For forty years, April 22 has been a day devoted to the wellness of the planet and the betterment of the community. Phi Sigma Kappa is continuing the tradition with a campus-wide clean up of litter and other pollutants.
“Not a lot of people think about Earth Day,” said Nick Desrosiers, Phi Sigma Kappa community service chair. “Our whole campaign was to try to clean up our campus as much as possible.”
Greeks Walk the Green Mile begins Thursday at 1 p.m. by Franklin Hall. Members of various sororities and fraternities will work together and walk throughout campus picking up trash and recyclables. All of the cleaning supplies were donated by Kent State’s building and grounds services.

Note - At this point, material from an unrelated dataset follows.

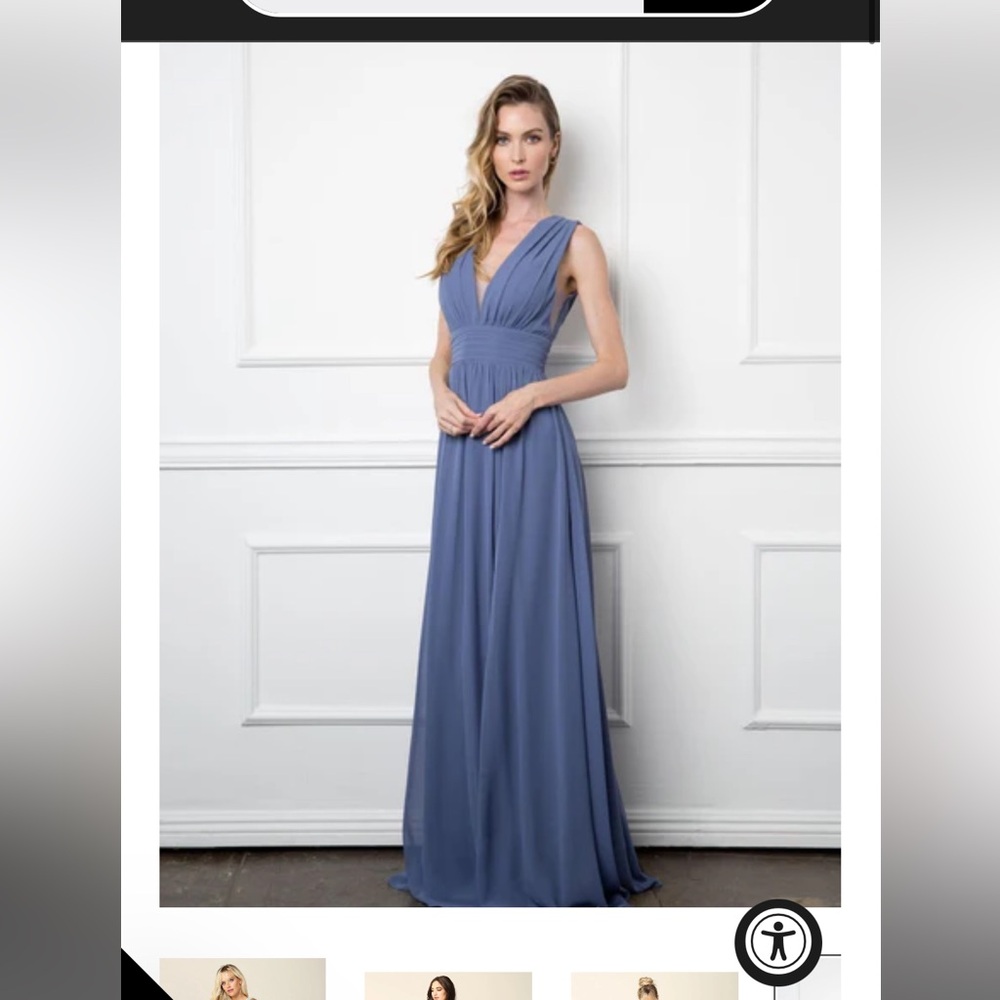 Elegant Navy Evening Gown (bridesmaids or mother of the bride)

“It’s important for the Greek community because we’ll be walking as a big group rather than competing against each other like in some other events,” said Staci Moeller, a member of Delta Zeta who is participating in the event. “For those outside of the Greek community, hopefully if they see a bunch of us walking and will just join in and help.”
Desrosiers said this is the first year they are holding the event, and he came up with the idea after working with children at Hattie Larlham and seeing their dedication to going green.

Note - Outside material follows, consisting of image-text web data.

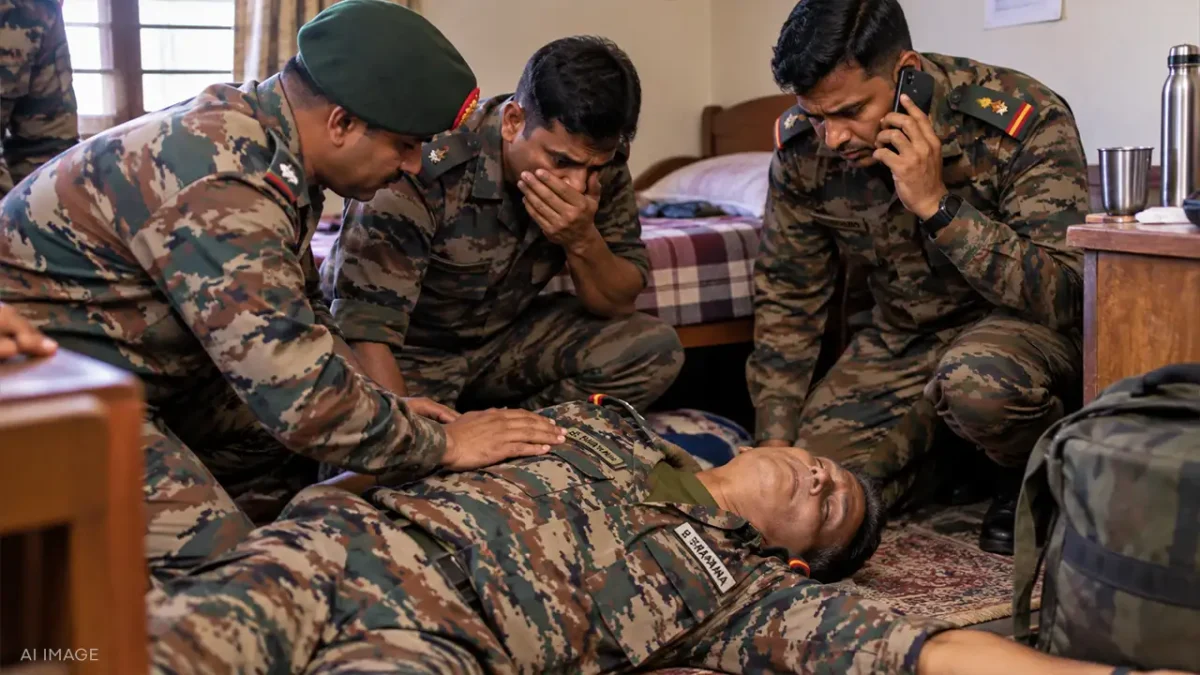 Indian Soldiers Respond to Emergency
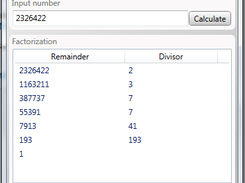 Factorizator in action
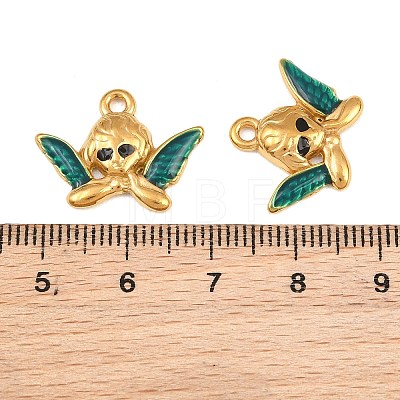 304 Stainless Steel Enamel Pendants SA-CBAF5D5-18G-02-1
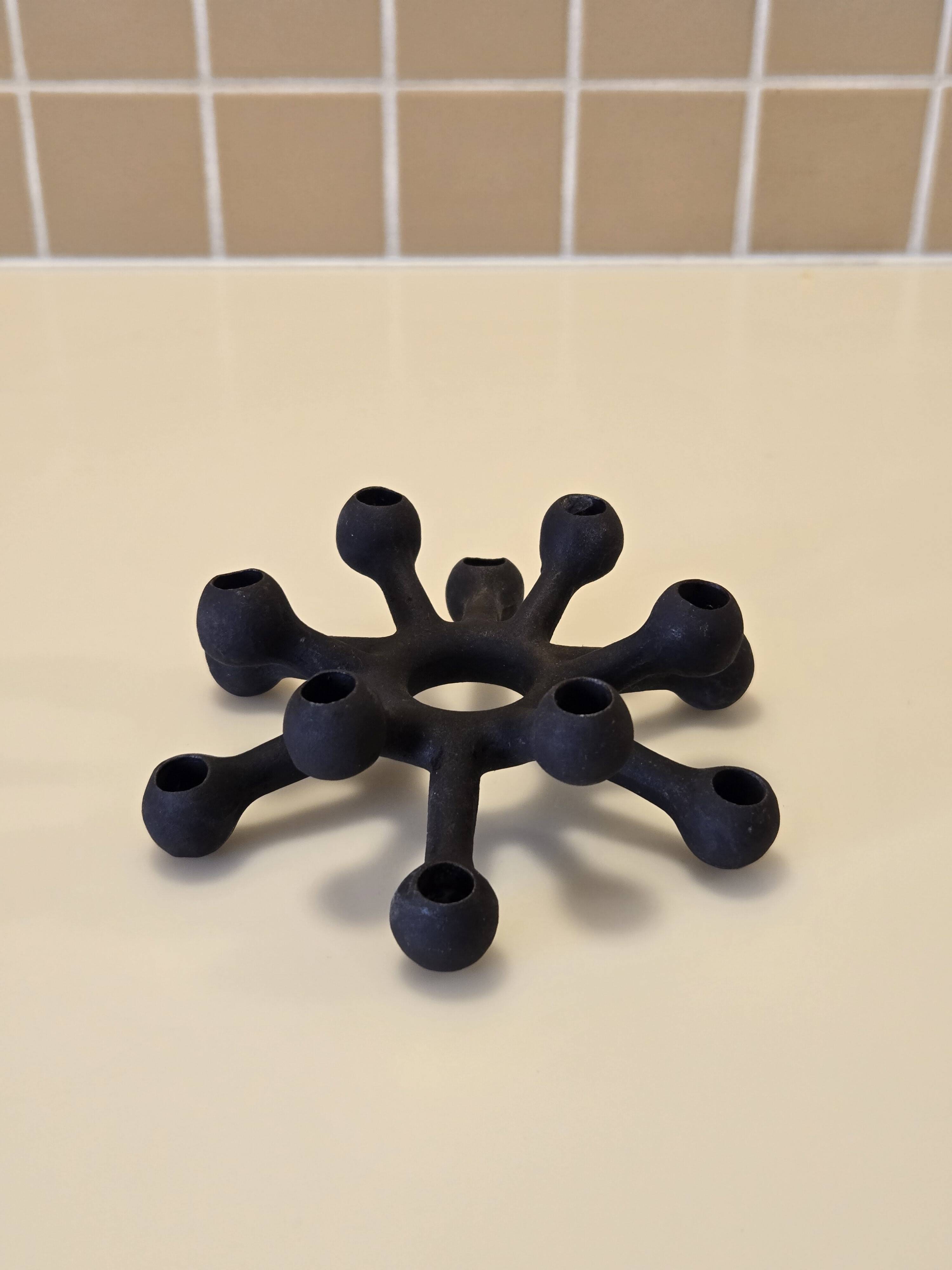Cast iron candle holder by Jens Quistgaard for Dansk - Scandinavian design 1970s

“Those kids are actually the ones that put it in our heads, and I just put the pieces together,” said Desrosiers, a sophomore accounting major. “It’s the 40th anniversary of Earth Day, and in some places it’s a big deal, but it’s not really around here, so I just wanted to do something.”
Moeller, a junior middle childhood education major, said she thinks the event is a good idea because people often complain about the dirtiness in Kent, but they do not act on their opinions. She said the Greeks’ can show people that even doing something small can make a great impact.

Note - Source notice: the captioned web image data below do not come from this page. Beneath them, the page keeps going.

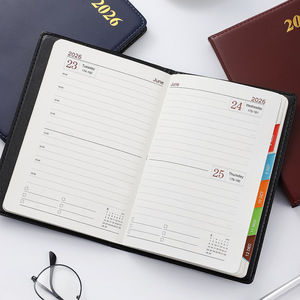 Venta al por mayor personalizado 2026 A5 Pu diario cuaderno impreso logotipo de la marca diario Bloc de notas agenda diaria cuaderno de cuero PU - Product Image 5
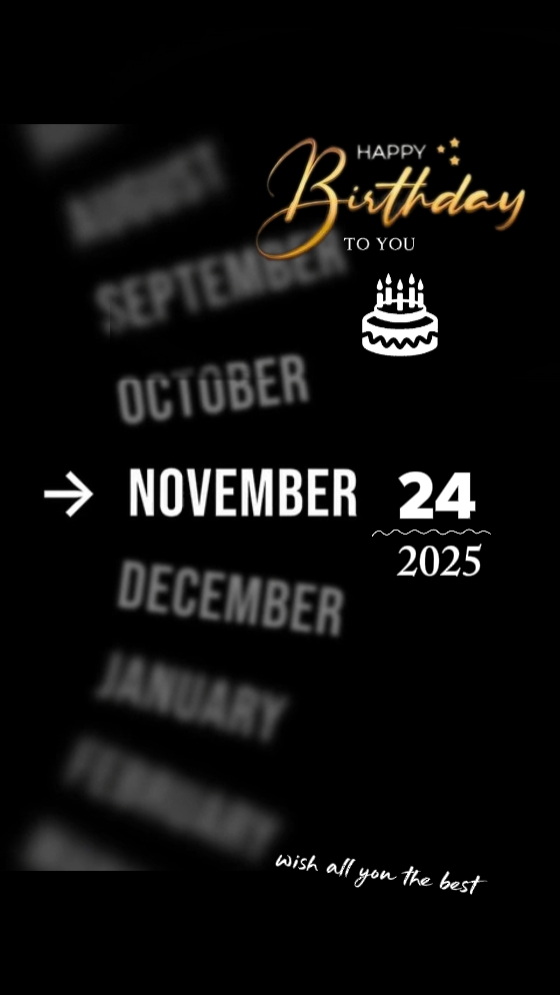 hbd 24 November 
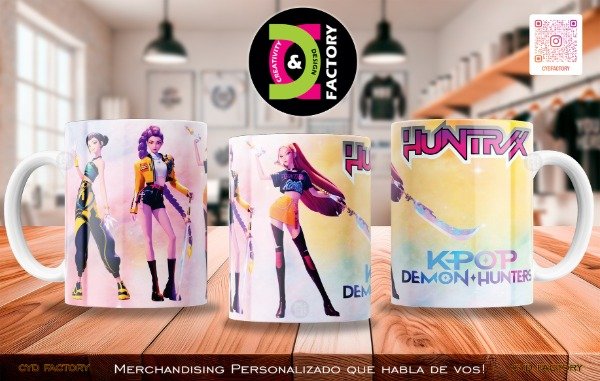 Producto - Taza Guerreras del K-POP - TZ-RT-BL-11OZ-525-ANM-LGK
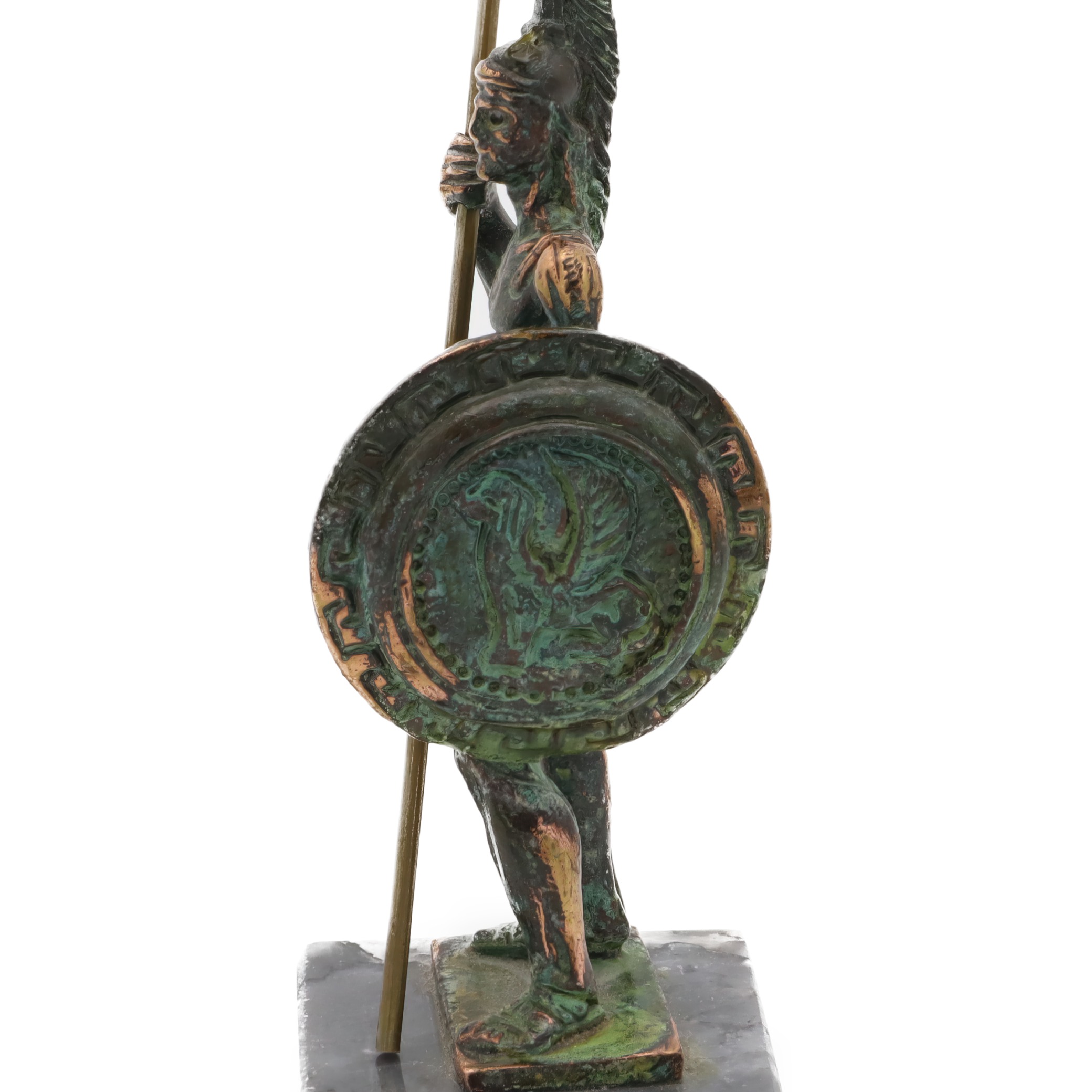Spartaner Krieger Bronze Statue - Vintage Dekoration - Griechische Mythologie Kunst - Antike Krieger Skulptur - Bronze Wohnakzent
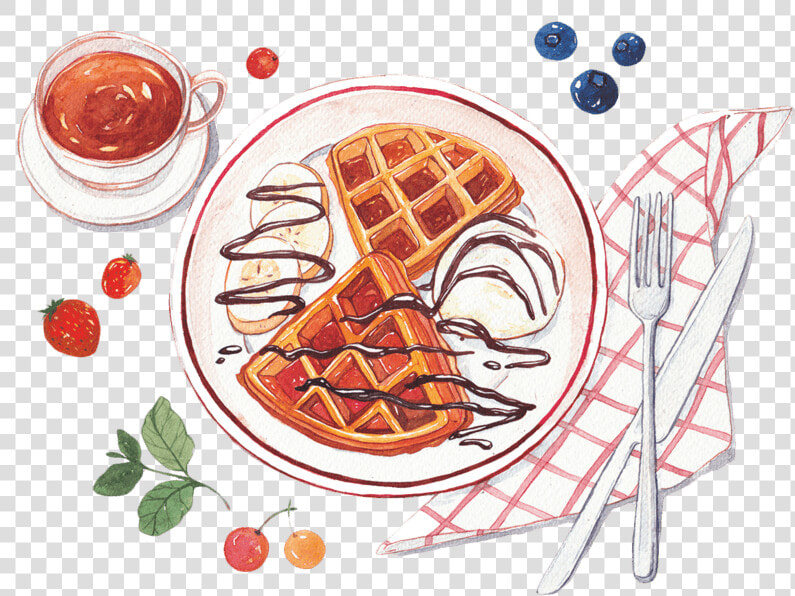 免抠夏日冷饮素材   Waffle  HD Png DownloadTransparent PNG
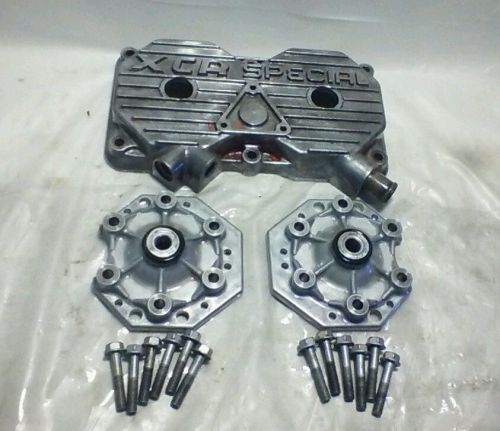 1995 polaris indy xcr 440 cylinder heads, cover &amp; domes, 95 xcr 440 &amp; sp 3085042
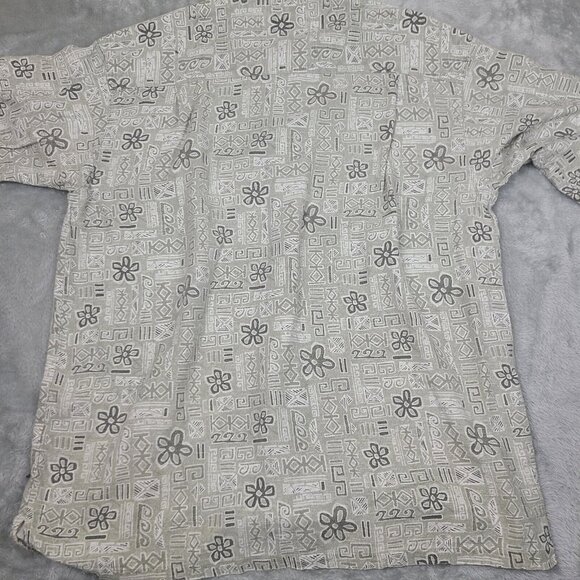 VTG Columbia Shirt‎ Mens Large Short Sleeve Button Down Aztec Outdoors - Picture 7 of 7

“If someone sees us walking in a huge group cleaning up, they might think twice about littering the pop can they’re holding,” she said. “We’re showing that people actually care about the state of our campus.”
Desrosiers said he is not only looking forward to helping campus grounds, but also helping the relationships between Greek chapters.
“We’re trying to send an open invitation to the Greek community,” he said. “Our hands are open, and we really want to get close with different fraternities and sororities.”
This “green” effort is one of many that Greeks are implementing during the global campaign. Moeller said she feels the campus clean up is important even without Earth Day.
“It places a higher importance on [the event] because it is Earth Day, and it builds hype…but I don’t feel like it is only important because of Earth Day,” Moeller said. “They could have done it any time and it still would have been a big deal.”
The group will finish its walk around Centennial Hall and Desrosiers anticipates it will take no more than two hours. He hopes to create a cleaner campus and to see their hard work pay off.
“We’re calling it a social event because people are going to show up ready to work and to socialize,” he said. “Every little bit helps. Sometimes people don’t realize how small of a thing you can do to make a difference.”